■ THE TASK: Among the lines of the listing below, retype exactly those from the one containing "Tom Tailor Alexa" through the one containing "Fox Beer And", both included. Do not include pictures.

Top of TASK INPUTS

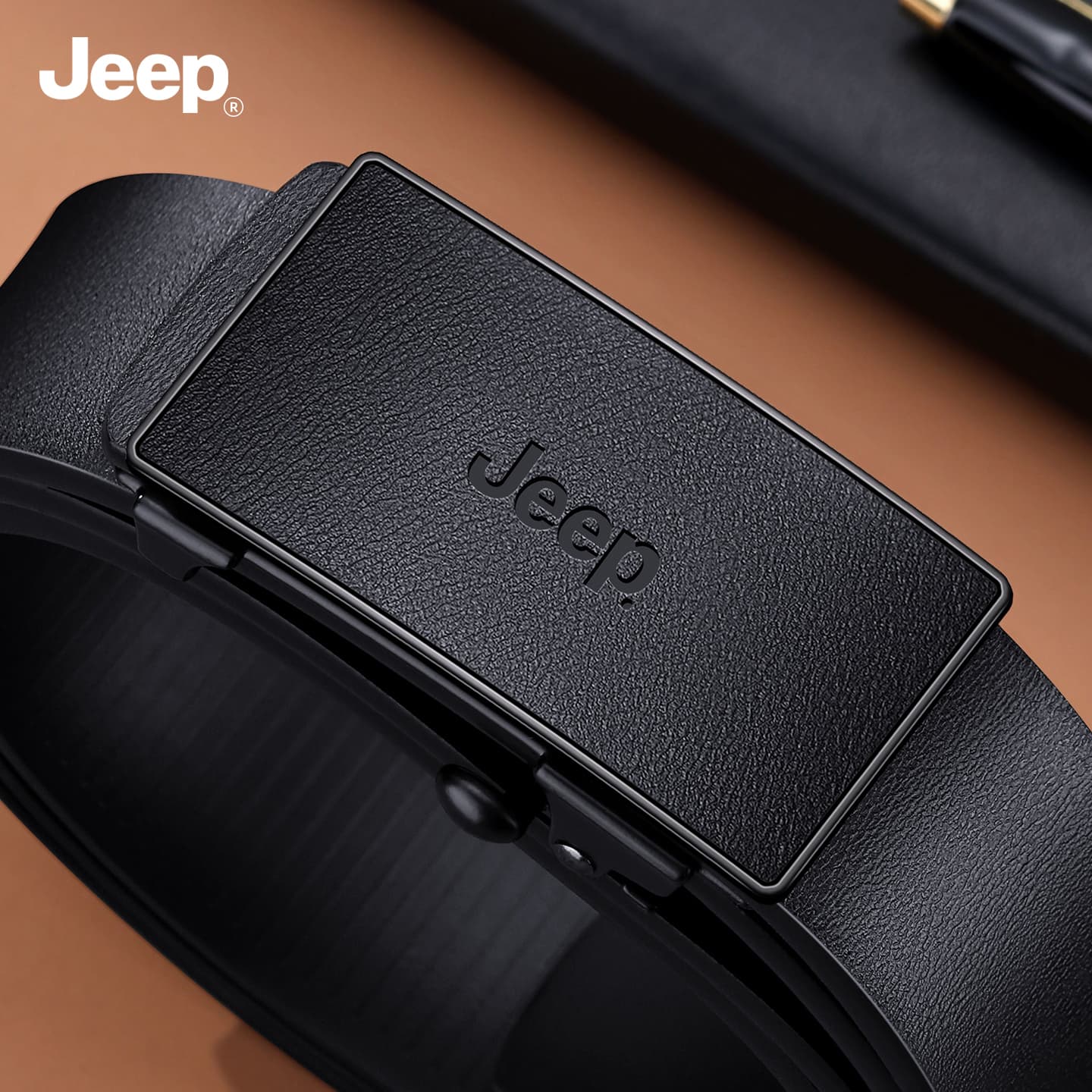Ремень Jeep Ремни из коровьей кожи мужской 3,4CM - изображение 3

Bottom of TASK INPUTS
Top of TASK INPUTS

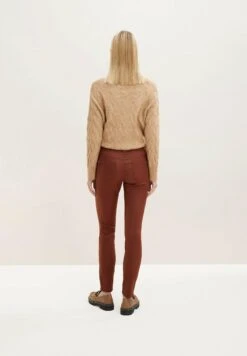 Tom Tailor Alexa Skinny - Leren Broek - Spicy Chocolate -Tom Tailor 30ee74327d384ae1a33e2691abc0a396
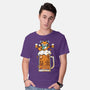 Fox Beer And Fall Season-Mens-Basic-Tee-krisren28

Bottom of TASK INPUTS

■ RESPONSE AREA:
 Tom Tailor Alexa Skinny - Leren Broek - Spicy Chocolate -Tom Tailor 30ee74327d384ae1a33e2691abc0a396
 Fox Beer And Fall Season-Mens-Basic-Tee-krisren28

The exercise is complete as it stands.